Focus #10

My boyfriend is a friendly person. I don't kno-WHAT THE HELL?! There's a lizard in my room! No, seriously! Right as I'm typing this, I'm watching a lizard run around! Okay, um...hold on a sec...

(Please enjoy the magical music of your mind while we address this technical problem)

Okay, sorry about that. Um...just to clarify, it wasn't a lizard, it was a salamander, and I released it happily back into the wild. Un-maimed. Okay, on with the story. I'll just cut to the chase. Actually...I'll just make this a focus in itself...I can't stop laughing...I'll continue the story I was going to tell in the next focus.

Focus #11

Anyways, my boyfriend came to my house one day. He is the first guy I've actually brought home. My dad didn't speak one word to him the entire time we were there. We have this thing that's like a souped up golf cart called a Rhino. You may know what I'm talking about, you may not. Look it up. To pass time, and to get Shaun away from my dad, I decided to take him for a ride on it.
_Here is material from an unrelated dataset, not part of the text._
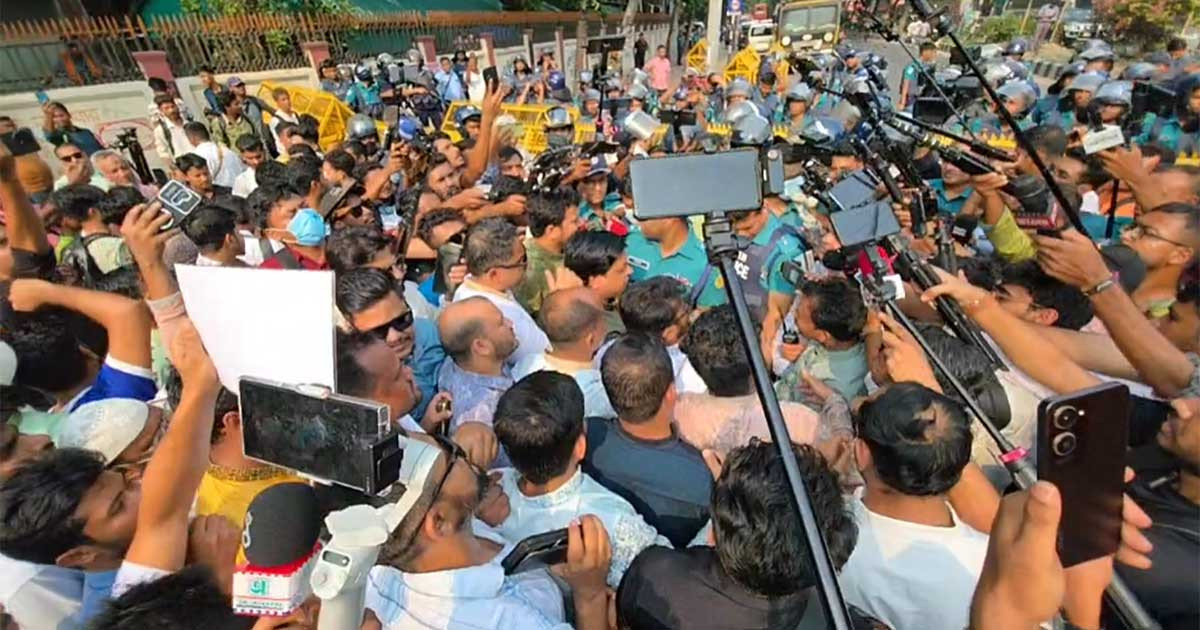 আবদুল হামিদের দেশ ছাড়ার প্রতিবাদে স্বরাষ্ট্র মন্ত্রণালয় ঘেরাও কর্মসূচি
I took the wheel, he was in the passenger seat, and my brother was in the back. The Rhino has no doors. Remember this.

I wasn't driving as fast as I normally do because I didn't want to risk having a wreck and embarrassing myself. We drive around the farm a bit, and then I decide to take him on a narrow trail through the woods. BIG MISTAKE!

Okay, so we're all laughing about something, and I'm being careful and everything, but I guess I'm driving too fast just out of habit. A random branch of a pine tree gets caught on the windshield, bends back...and hits Shaun right in the face. He yells really loud and kind of wrestles with it a bit.
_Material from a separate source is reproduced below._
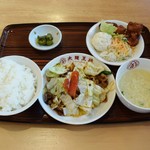 Oosaka Oushou - ホイコーロー定食1000円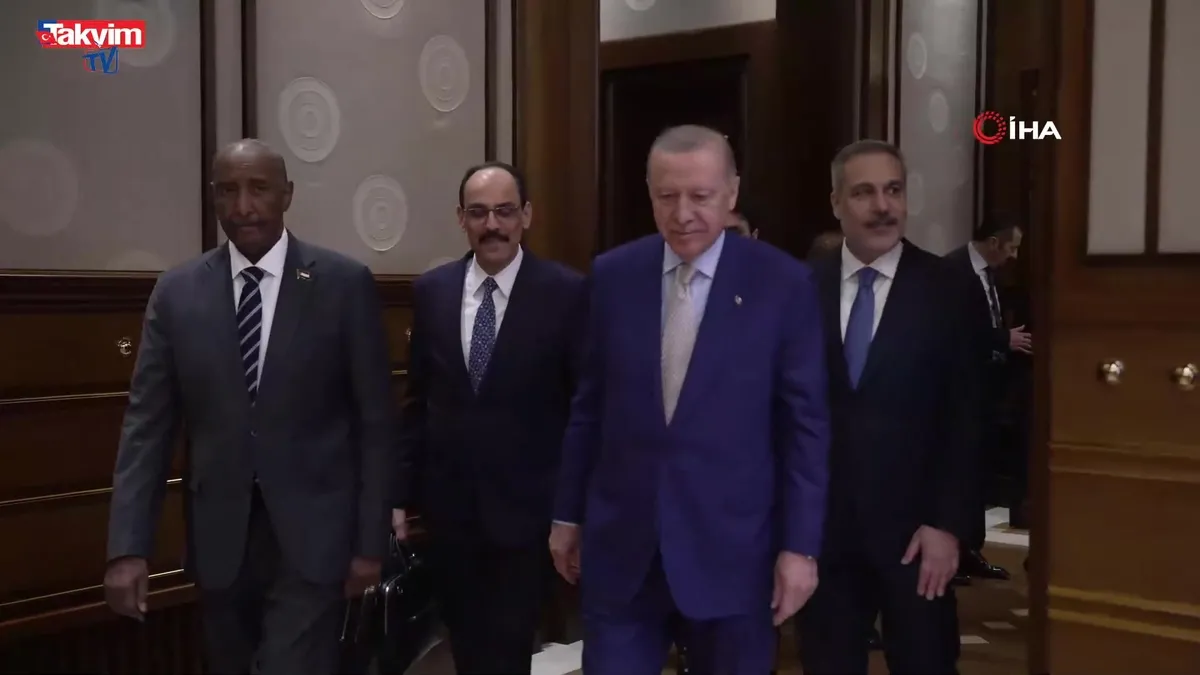 Başkan Erdoğan Sudan Egemenlik Konseyi Başkanı El Burhan ile görüştü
I start to laugh. I can't stop. I have to stop driving.

"You did that on purpose!" he cries, now laughing also.

"No! I really didn't!" But I don't sound very convincing.

"I just discovered that I scream like an eight year old girl," he says.
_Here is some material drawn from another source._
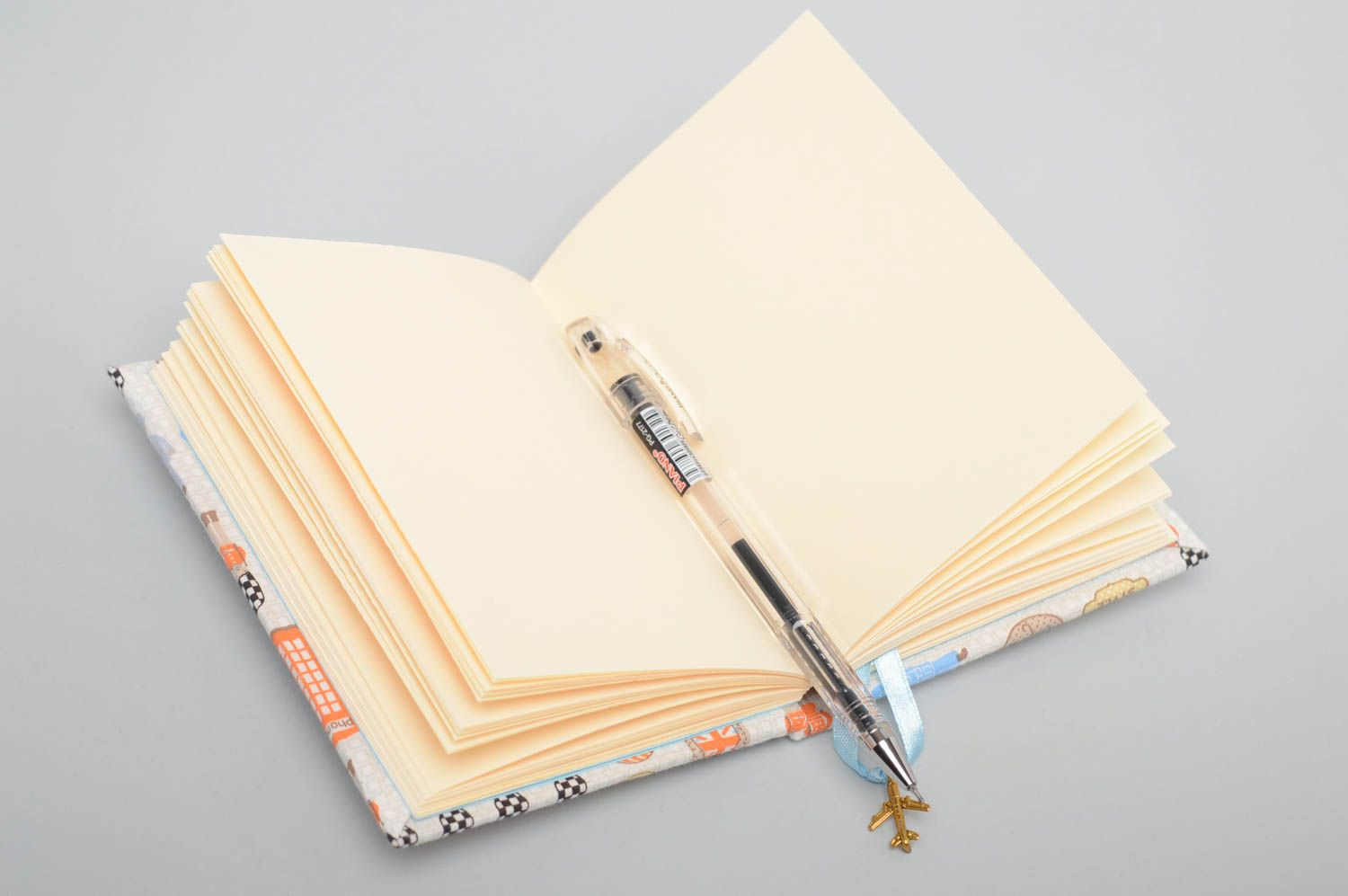 Handmade Notizbuch und Schlüsseletui aus Stoff foto 2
So the first time my boyfriend comes to my house, I hit him in the face with a tree...yeah. Good job, Smarty.

Focus #12

I know with all of the stories I've told you about the creatures in my house, I'm sure you're genuinely freaked out by now. Bats, lizards...now I am going to address our mouse problem. Yes, I am sure you knew this was coming.

Last night, while sleeping on the couch again, (I just don't sleep in the basement anymore...) I was jolted awake by a violent snapping noise and a shriek. Being the coward that I am, I pull the covers over my head and order my dog, a little Pekingnese, to go find out what it is. The THING continues to squeak loudly. I suspect another bat.

Since bats really aren't that bad, I actually think they're kind of cute, I decide that I should go and find what's putting the poor thing in such a distress. As I go into the kitchen, I can hear it screeching, and I lose my bravery and immediately begin screaming for my other brother, Christian.

"CHRISTIAN! CHRISTIAN!"

I can hear the video game music, and I realize that he won't come. Annoyed, I run to his room and bang on the door. "CHRISTIAN! Come find this THING!"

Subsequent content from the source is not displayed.